2. Francisco, en su actitud existencial y creyente básica, es un testimonio vivo de lo que la Palabra nos anuncia: abre los ojos al presente, al aparente desierto por donde camina, pero no se deja quemar por las ardientes arenas ni engañar por los espejismos que se abren ante él:

a) La parábola de la “perfecta alegría” es ejemplo del creyente que, más allá de la oscuridad y sinsentido del presente, sabe descubrir o intuir un futuro de vida y de luz, de gracia y salvación que vencen a la muerte y la oscuridad, el pecado y la condena. Vive la certeza de que siempre ha de estar alegre no por lo bueno que pueda hacer (RnB 17,6), sino por lo que él, Dios, dice y hace en nosotros (Adm 20,1).

b) Ante los necesitados que encuentran en el camino (necesitados de ayuda material, pero sobre todo necesitados de sentido y esperanza, de alegría y ganas de seguir caminando), es capaz de comenzar a construir con ellos y para ellos el futuro usando la misericordia y la compasión (Test 2), anunciándoles que el Dios que viene a nuestro encuentro es “nuestro gozo y nuestra alegría” (AlD 4).

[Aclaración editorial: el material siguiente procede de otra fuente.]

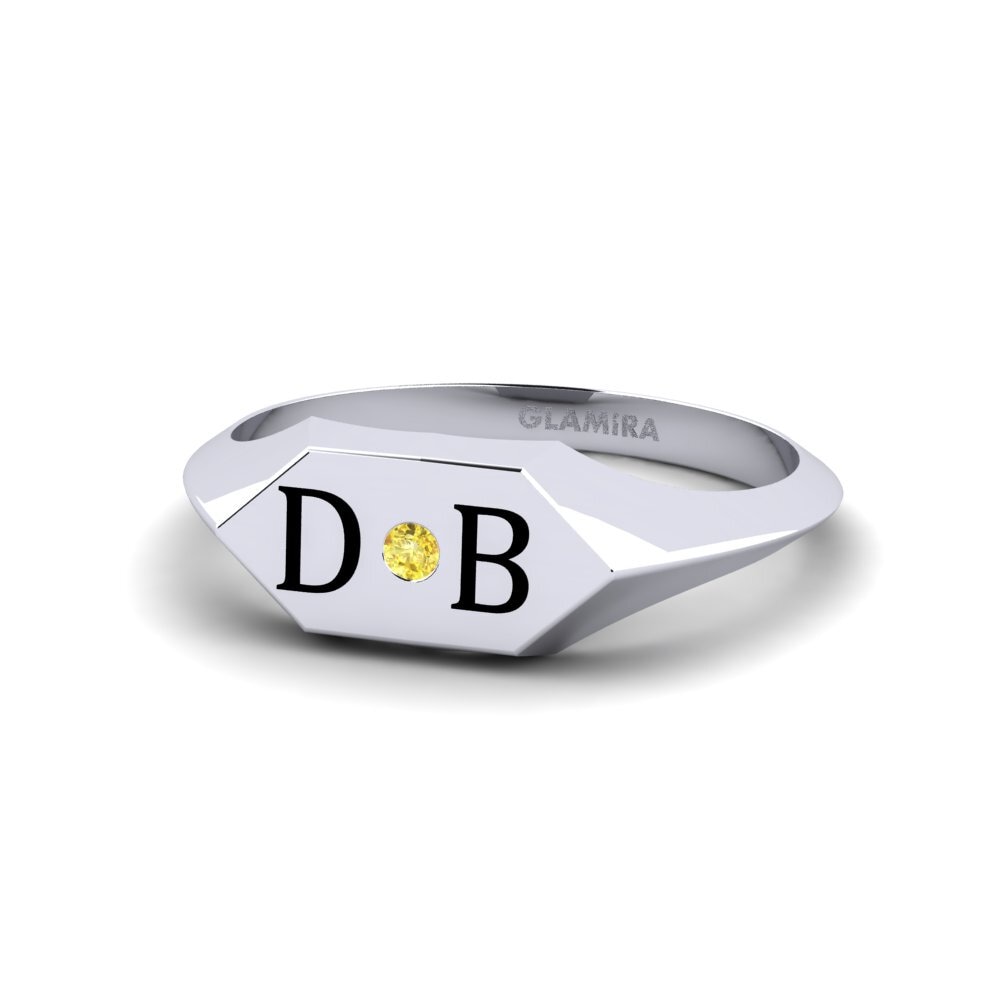 Palladium 950 Gelber Saphir Ring Arles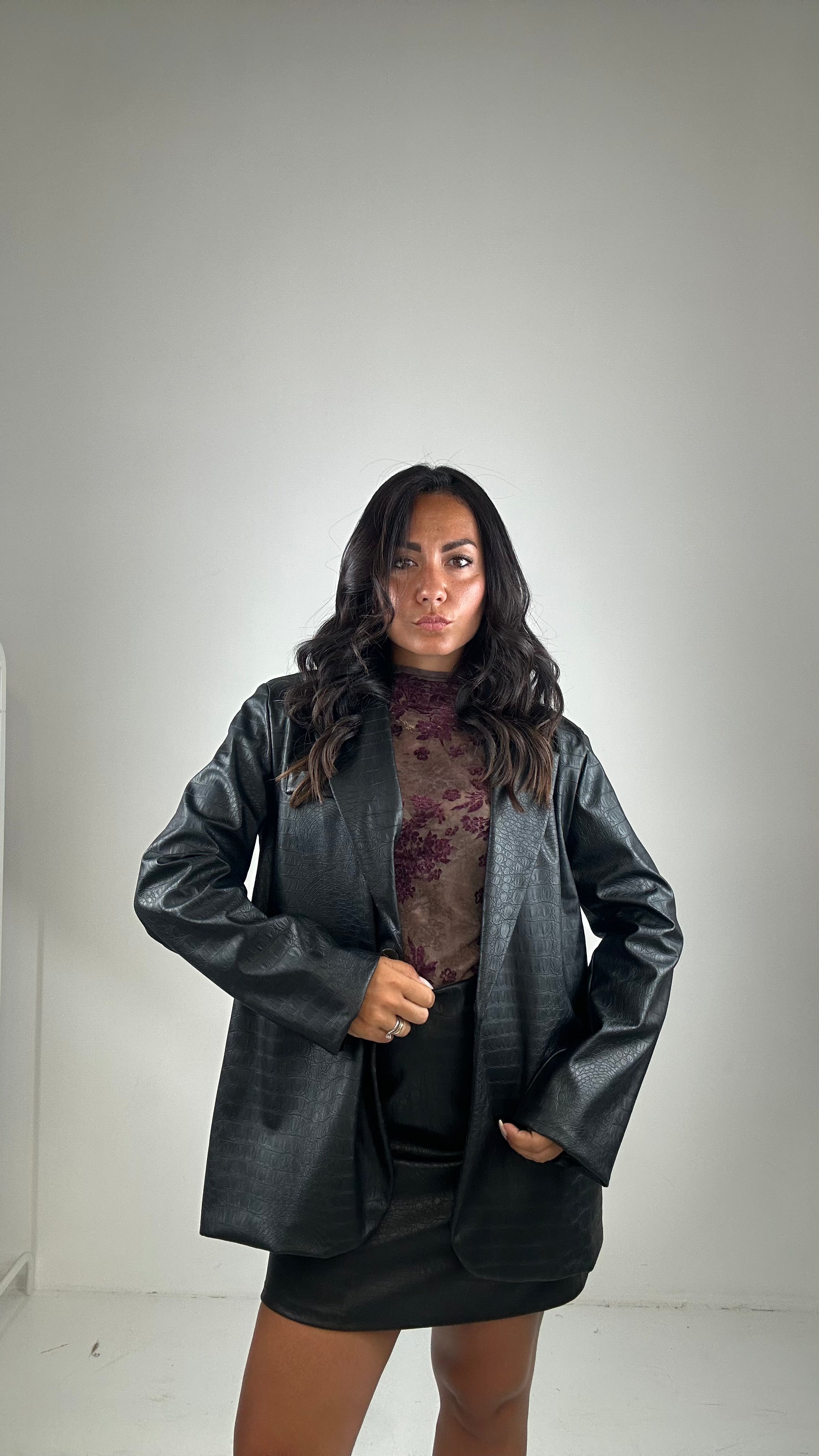 Gonna ECOPELLE MARTE - NERO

c) Desde aquí vive, más que sabe, que la venida del Señor, “Príncipe de la paz”, nos condiciona a la hora de anunciarlo y de vivirlo (OfP 15, 8; RB 3, 10.11), porque nos pide que, inermes ante la violencia de los demás (RnB 14, 2-5), seamos, como Juan Bautista, constructores de la paz desde el reconocimiento de la paternidad de Dios como fundamento de la fraternidad de los seres humanos (RnB 14,2).

3. Que, al celebrar ahora la Eucaristía, el banquete que el Padre prepara para todos sus hijos, experimentemos que en ella está la fuerza que necesitamos para el camino y la garantía de que el futuro anunciado en la Palabra viene decididamente hacia nosotros.